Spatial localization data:
□ □ □ □ □ □ □

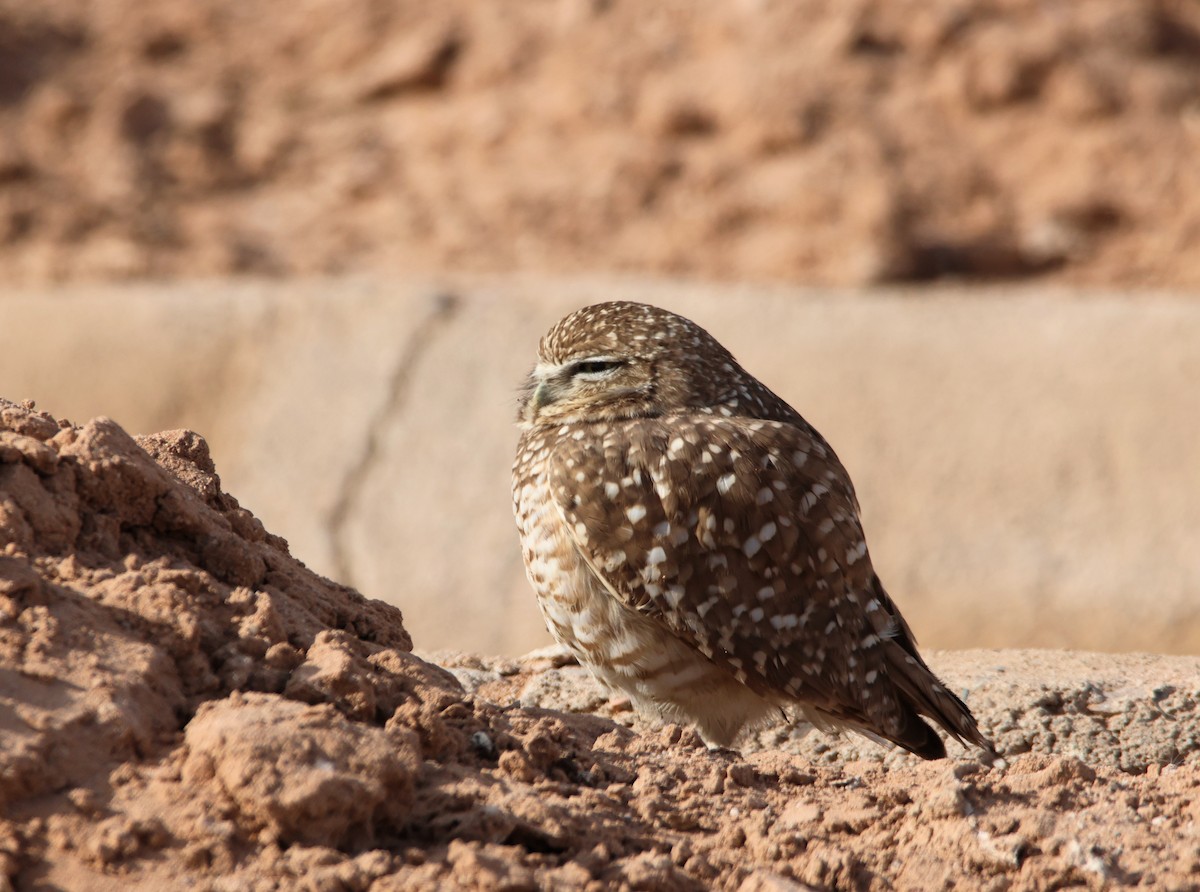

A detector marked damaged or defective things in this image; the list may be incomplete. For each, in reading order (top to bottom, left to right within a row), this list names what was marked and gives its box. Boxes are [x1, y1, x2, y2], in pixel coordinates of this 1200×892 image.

crack in concrete [331, 289, 460, 590]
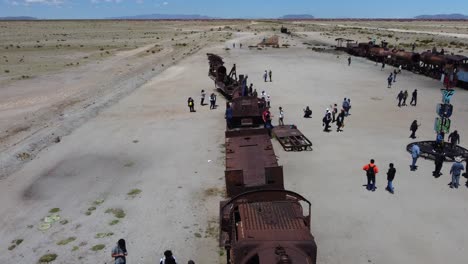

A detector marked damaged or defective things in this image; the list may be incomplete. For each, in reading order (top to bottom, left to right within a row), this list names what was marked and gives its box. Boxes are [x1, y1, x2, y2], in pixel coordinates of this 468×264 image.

rusty train car [340, 41, 468, 86]
rusted metal surface [225, 129, 284, 197]
rusty train car [207, 54, 320, 264]
rusted metal surface [272, 126, 312, 152]
rusted metal surface [220, 190, 318, 264]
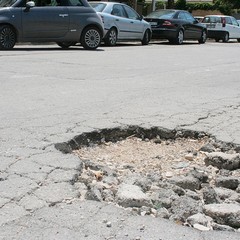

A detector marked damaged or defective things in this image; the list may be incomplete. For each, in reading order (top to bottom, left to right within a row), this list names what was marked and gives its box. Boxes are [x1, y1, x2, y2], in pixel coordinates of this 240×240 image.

large pothole in asphalt [54, 125, 240, 232]
pothole [54, 126, 240, 232]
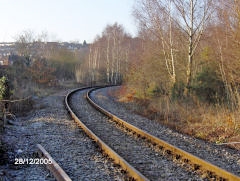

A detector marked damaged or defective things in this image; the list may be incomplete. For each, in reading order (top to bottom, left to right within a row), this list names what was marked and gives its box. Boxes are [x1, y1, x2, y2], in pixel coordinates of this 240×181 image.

rusty rail [87, 87, 240, 180]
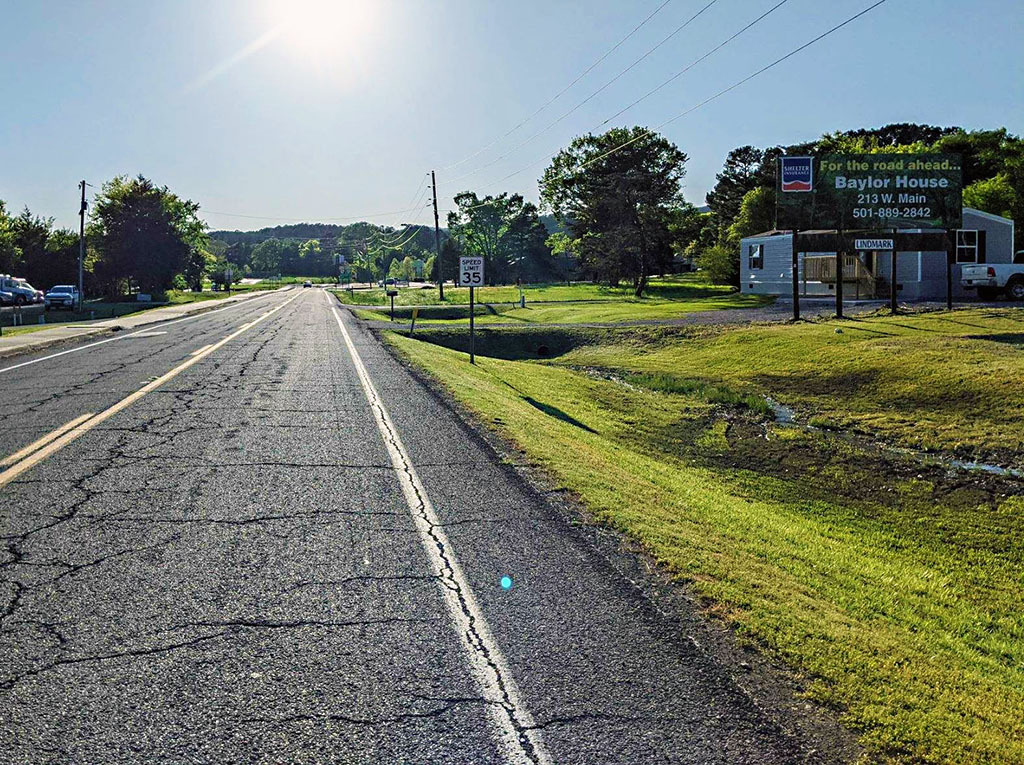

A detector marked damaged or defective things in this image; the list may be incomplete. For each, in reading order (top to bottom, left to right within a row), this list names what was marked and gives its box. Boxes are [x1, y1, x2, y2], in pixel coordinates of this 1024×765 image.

cracked asphalt pavement [2, 288, 806, 765]
crack in road surface [331, 307, 552, 765]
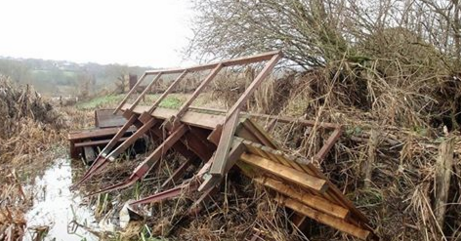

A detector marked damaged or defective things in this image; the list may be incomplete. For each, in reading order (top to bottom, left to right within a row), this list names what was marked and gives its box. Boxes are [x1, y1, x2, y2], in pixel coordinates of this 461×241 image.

broken timber [72, 50, 374, 239]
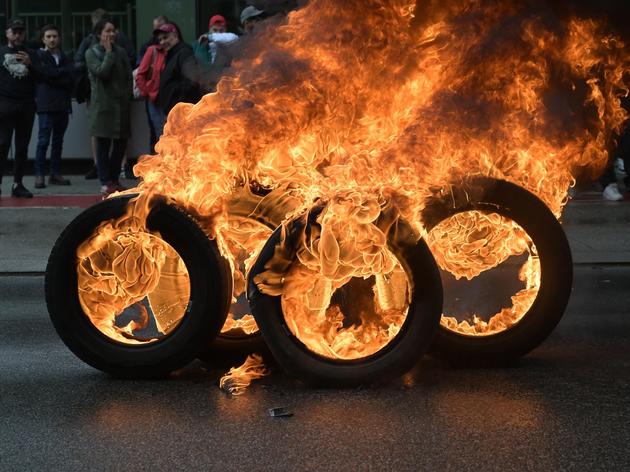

□ □ □ □ □ □ □

What are the lines from the one containing "this 240×181 image." through the end of the records? Write them out exactly, leaving out the pictures.

A detector marked damaged or defective things in this image; the list may be incomplete. For each, in reading order (top to bottom, left to right within a row), this list names what was marked and gives its box. Boxes are [x1, y1, x2, y2], in pixel coordinates of this 240×181 image.

rusty rail [87, 87, 240, 180]

A detector marked damaged or defective things in this image; the list may be incomplete. For each, in reading order (top to bottom, left to right within a row), this list names what was marked and gives its box. Boxes are [x1, y1, x2, y2], in pixel coordinates of this 1024×765 image.

cracked asphalt pavement [2, 288, 806, 765]
crack in road surface [331, 307, 552, 765]

A detector marked damaged or defective things in this image; the list may be incomplete. For each, in reading order (top to bottom, left to right within a row), this list names what was marked and gives its box. Boxes are [x1, y1, x2, y2], in pixel coordinates of this 461×241 image.

broken timber [72, 50, 374, 239]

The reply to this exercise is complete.